Give the lines below again exactly, starting with the line that holds "Des légionnaires de" and going on through the line that holds "38 Rhine Meadow".

* **MATERIAL FOR THIS EXERCISE**:
────────────────────────────────────────

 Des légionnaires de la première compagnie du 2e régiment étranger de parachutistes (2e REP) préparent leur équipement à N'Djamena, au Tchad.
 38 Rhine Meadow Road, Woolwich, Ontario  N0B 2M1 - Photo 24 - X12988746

────────────────────────────────────────

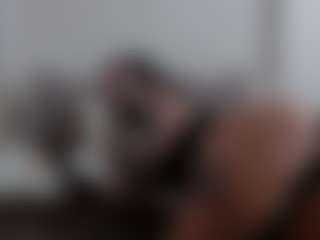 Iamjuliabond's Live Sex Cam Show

────────────────────────────────────────

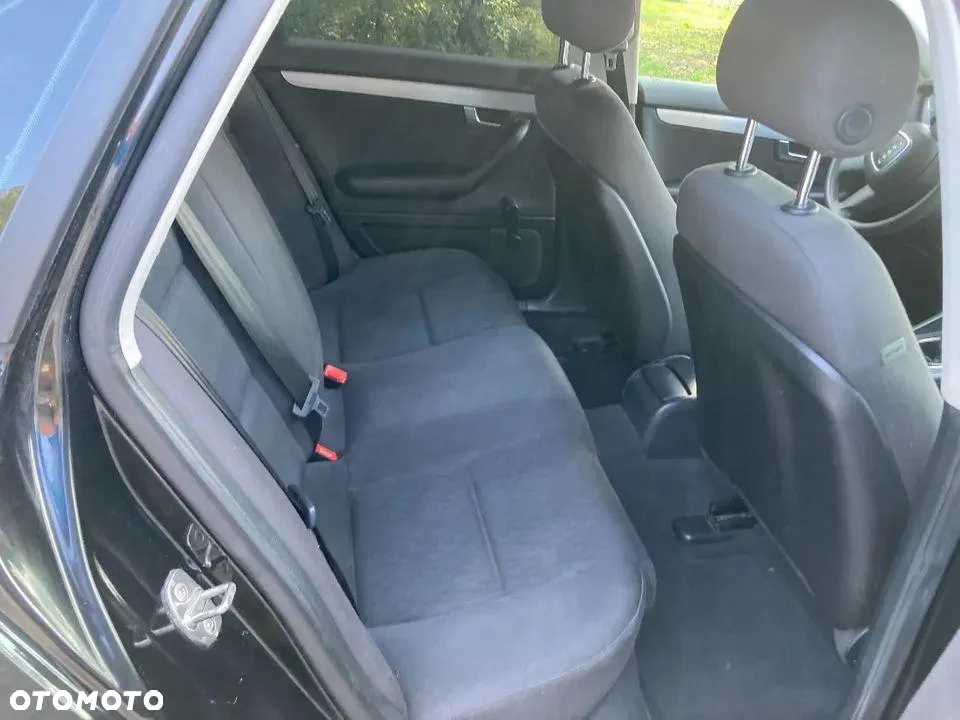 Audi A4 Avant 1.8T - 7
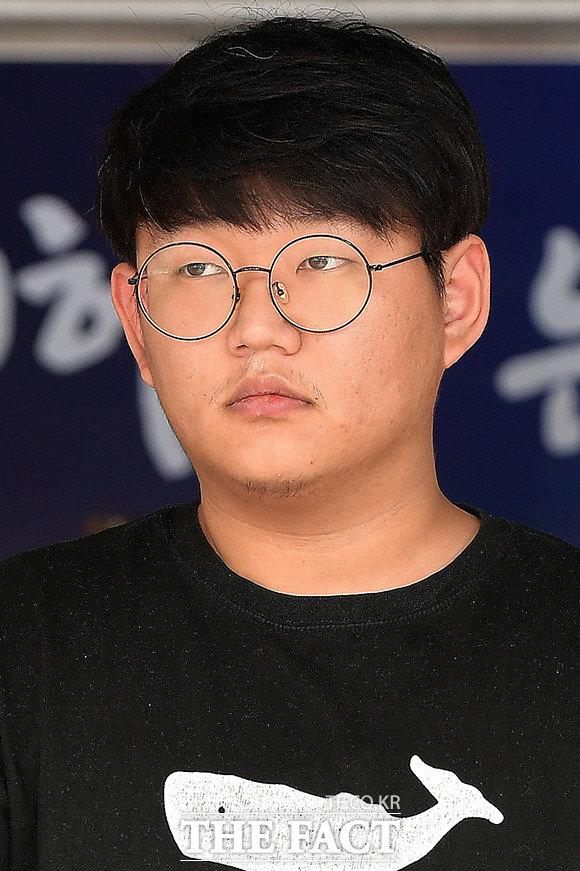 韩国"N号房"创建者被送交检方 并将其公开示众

────────────────────────────────────────

* **ANSWER**:
 Des légionnaires de la première compagnie du 2e régiment étranger de parachutistes (2e REP) préparent leur équipement à N'Djamena, au Tchad.
 38 Rhine Meadow Road, Woolwich, Ontario  N0B 2M1 - Photo 24 - X12988746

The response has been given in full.